### EXERCISE MATERIALS
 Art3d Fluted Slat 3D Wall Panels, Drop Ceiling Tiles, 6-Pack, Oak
---
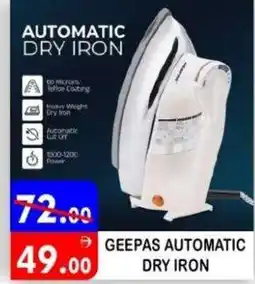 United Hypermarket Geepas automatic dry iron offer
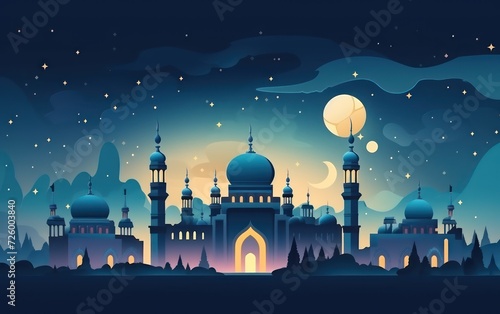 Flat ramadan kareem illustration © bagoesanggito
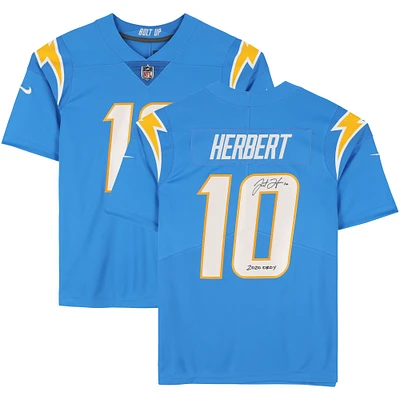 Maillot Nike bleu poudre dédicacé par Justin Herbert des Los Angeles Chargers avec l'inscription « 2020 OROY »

### ACTIVITY
Leave out every picture, and copy exactly the lines above starting at the one holding "Flat ramadan kareem" and ending at the one holding "Maillot Nike bleu", no more and no less.

### WRITTEN SOLUTION
 Flat ramadan kareem illustration © bagoesanggito
 Maillot Nike bleu poudre dédicacé par Justin Herbert des Los Angeles Chargers avec l'inscription « 2020 OROY »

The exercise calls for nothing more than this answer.